By Ben Eisen and Justin Baer 

Morgan Stanley got hit hard Monday.

On a day when the six largest U.S. banks all dropped more than the broader market, Morgan Stanley's shares took the worst beating. The lender was down 6.9% as the S&P 500 dropped 1.4%. Since the start of the year, Morgan Stanley shares are down 29%.

Here are a few factors that may have contributed to the selloff:

   -- Low returns. The Wall Street firm, which remains short of its goal of 
      producing a return on equity of at least 10%, is overhauling a 
      fixed-income trading business whose choppy results have frustrated 
      executives and investors alike. Morgan Stanley has installed new managers 
      and slashed its workforce. 

On Tuesday, its head of trading will deliver what shareholders hope will be a clear roadmap to higher returns at Credit Suisse Group AG's financials conference.

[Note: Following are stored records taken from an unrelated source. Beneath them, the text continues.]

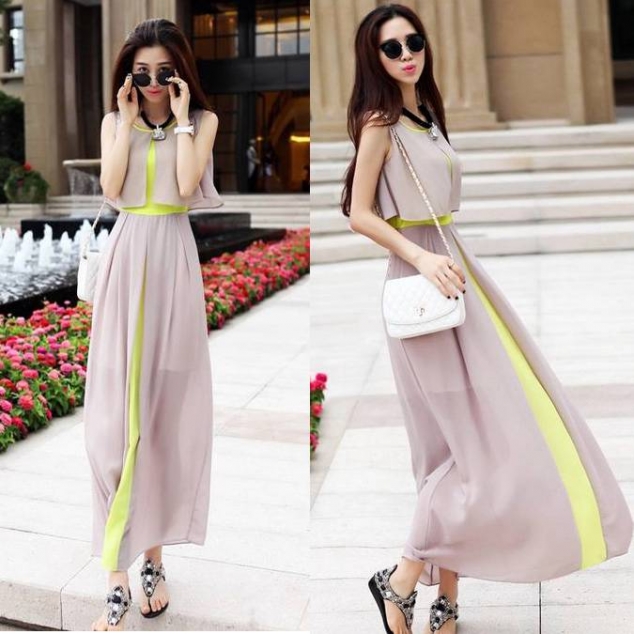 NEW Womens Lady Chiffon Ruffle Neck Sleeveless Evening Ball Gown Long Maxi Dress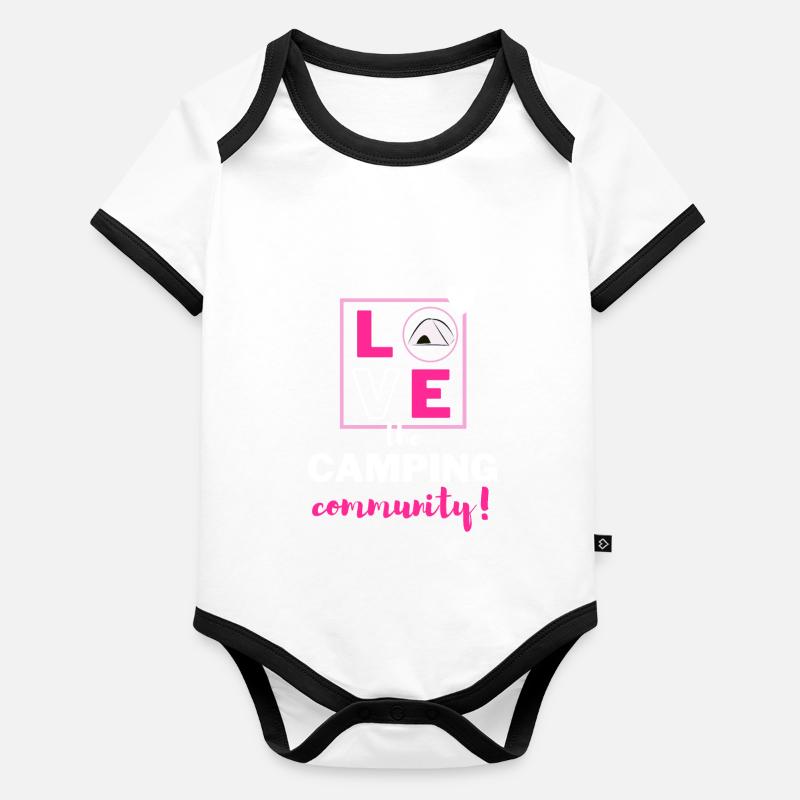 Ich liebe die Camping-Community! Baby Bio-Kurzarm-Kontrastbody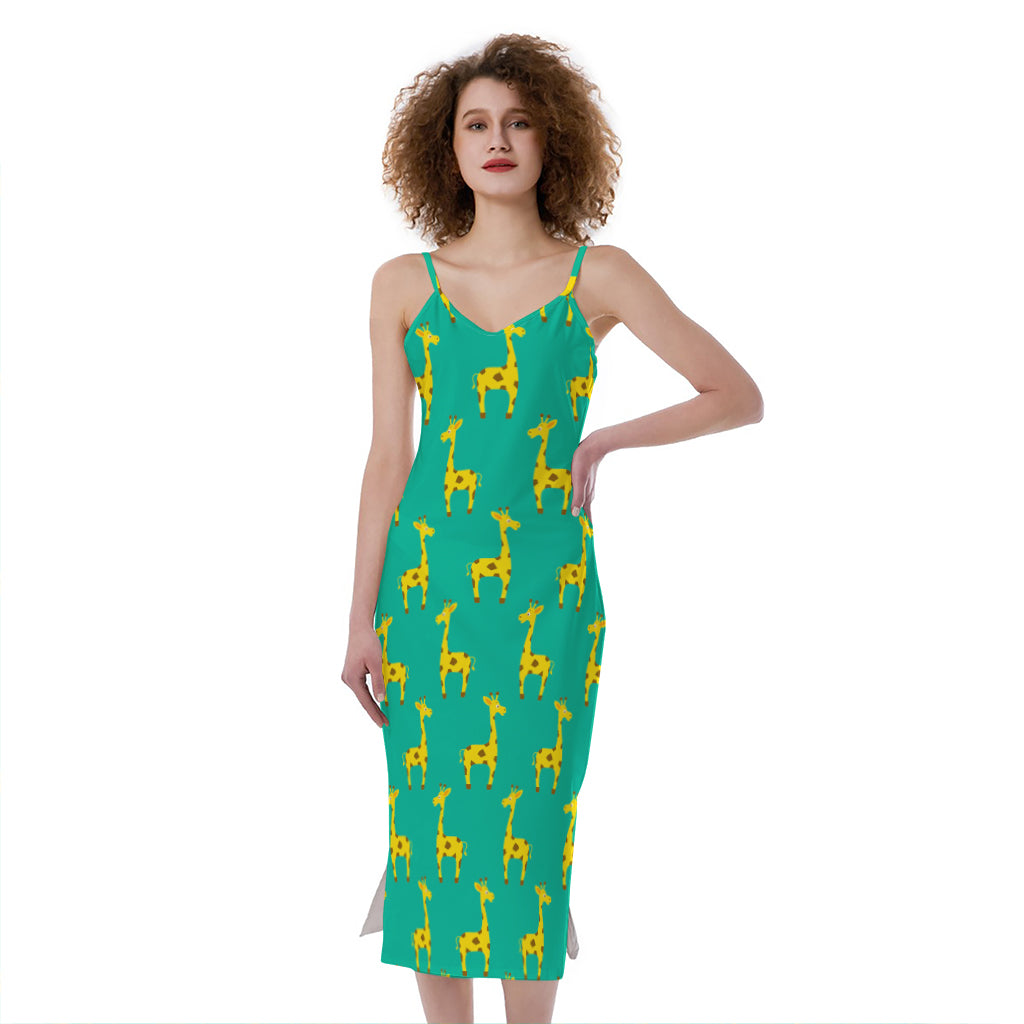 Cute Cartoon Giraffe Pattern Print Slim Fit Midi Cami Dress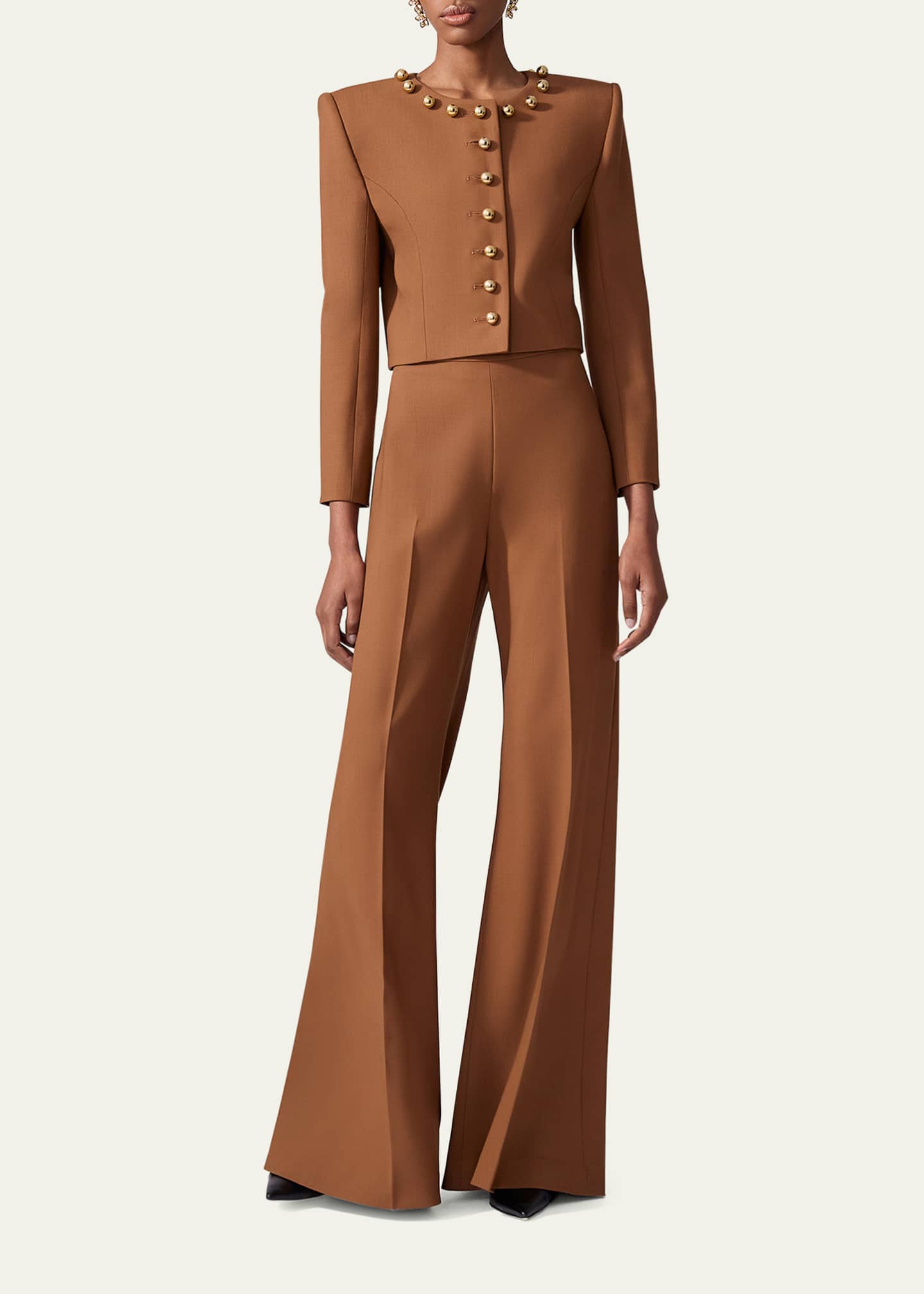 Ball-Button Collarless Crop Jacket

Monday's sell-off, however, may mean those hopes have faded.

   -- Globe trotting troubles. Monday's drop came as Deutsche Bank AG shares 
      fell 9.5% and other European banks declined sharply. 

Morgan Stanley has long been considered by many as having more international exposure than most of its U.S.-based peers, so shares are affected by market action abroad. Its shares tended to react sharply to both positive and negative news about the European debt crisis in 2011 and 2012.

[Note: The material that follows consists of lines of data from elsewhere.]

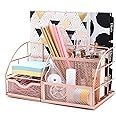 Exerz Desk Organiser/Mesh Desk Tidy Caddy/Pen Holder/Multifunctional Organiser With 7 Compartments (Rose Gold)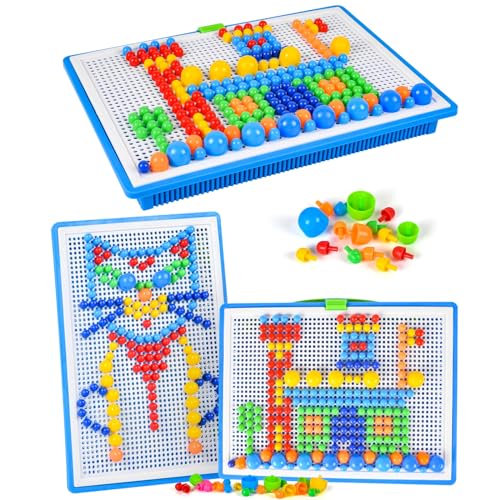 AUAUY 296 peças coloridas mosaicos infantis, placa de unhas de cogumelos jogos infantis, psicomotricidade infantil brinquedos educativos 3 anos para presente de festa de aniversário e Natal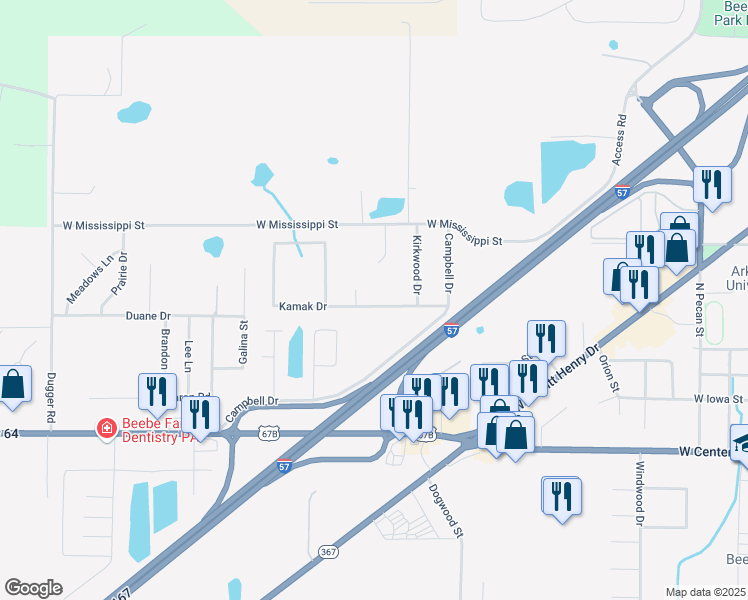 map of restaurants, bars, coffee shops, grocery stores, and more near 1902 Kamak Drive in Beebe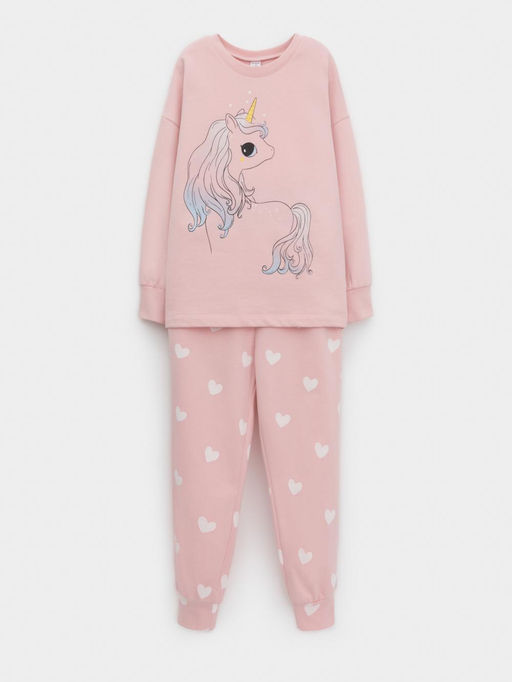 К 1567/розовый жемчуг,сердечки пижама дет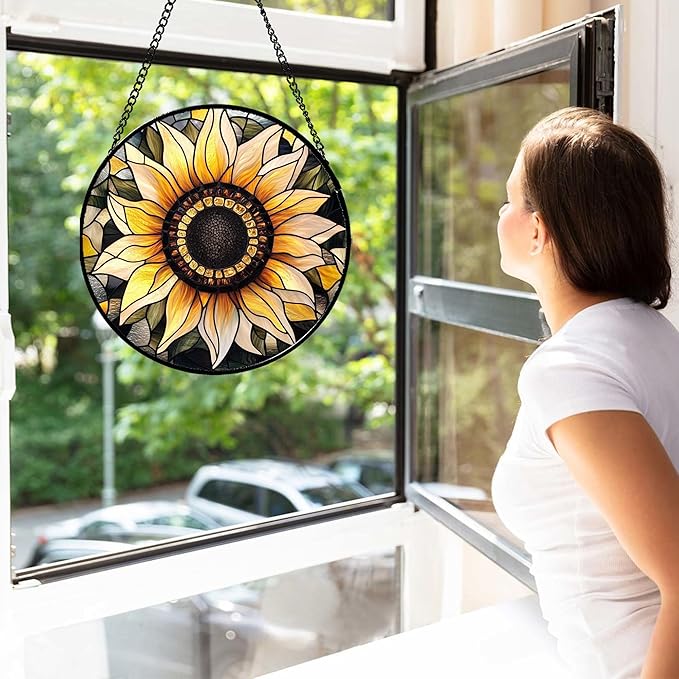 CRISGIF Stained Glass Window Hanging - Sunflower Suncatcher for Door Garden Patio Retro Flower Sun Catchers Decor Christmas Mother's Day Birthday Gifts for Women Mom Nana Friend Wife 6.3 in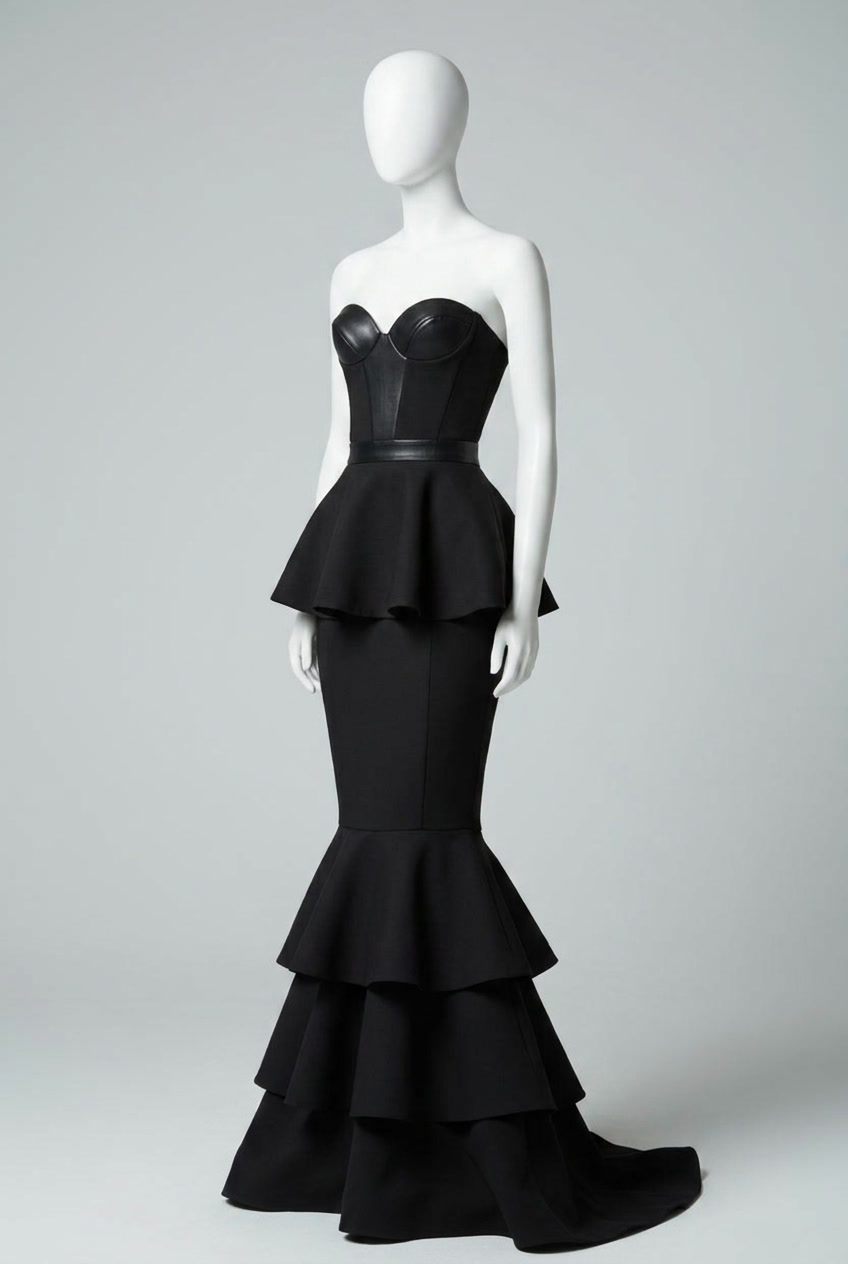 aspiria luxury corseted dress gown, neo noir style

Though the perception that Morgan Stanley has disproportionate overseas exposure isn't necessarily accurate, the market sentiment has been, "the more international the name, the more the downside," said Jeffery Harte, an analyst at Sandler O'Neill + Partners. Citigroup Inc., also seen as having a large exposure to global markets, was down 5.1% Monday.

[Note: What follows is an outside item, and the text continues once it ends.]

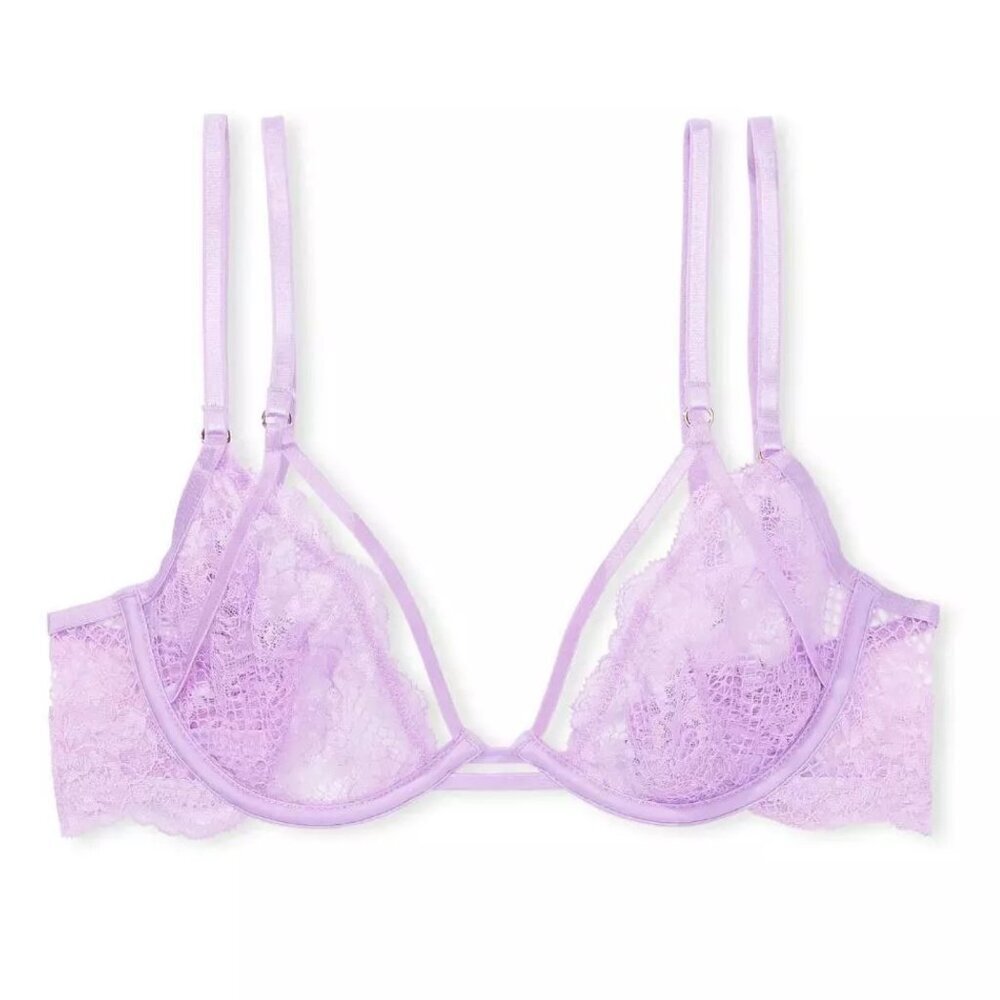 New! Victoria’s Secret Lilac Fishnet Lace Unlined Low Cut Demi Bra 10344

   -- Small enough to stumble. The bank's market value of $44 billion makes it 
      the smallest of the six major banks. So it could be seen as having the 
      least resiliency to global economic turbulence, including concerns over 
      economic growth, interest rates and loan losses tied to an energy 
      industry pummeled by falling commodity prices. 

Still, there is no perception that Morgan Stanley faces any existential threat. "It's big enough not to have survivorship kind of fears" Mr. Harte said.

   -- The higher they fly, the harder they fall.  Morgan SHItanley's stock had 
      a big run-up through the middle of last year as the bank was expected to 
      benefit from refocusing the business on its retail brokerage. Shares 
      climbed 58% during the two years through June, compared with 25% during 
      the same period for the KBW Nasdaq Bank Index. When bank stocks sold off, 
      Morgan Stanley's shares were hit more, sliding 42% since the beginning of 
      July, compared with the benchmark's 24%. 

The financial sector sell-off has also hit bond investors. The premium over U.S. Treasurys that investors demanded to be paid on 10-year Morgan Stanley bonds rose 0.15 percentage points on Monday to 2.02 percentage points, according to MarketAxess.

Since the beginning of the year, the annual cost of insuring debt for the six biggest U.S. banks using five-year credit default swaps rose by about a third on average to 1%, according to Anthony Valeri, investment strategist at LPL Financial. Even still, this is far below levels seen in 2008 or 2012.

"It's built into a little bit of a frenzy here. It has knocked down stock prices, but also more on the credit side," said Lon Erickson, who manages $5.3 billion at Thornburg Investment Management. "In general banks and financials have always been a little bit more of a black box situation when you're trying to analyze."

 

(END) Dow Jones Newswires

February 08, 2016 19:38 ET (00:38 GMT)

Copyright (c) 2016 Dow Jones & Company, Inc.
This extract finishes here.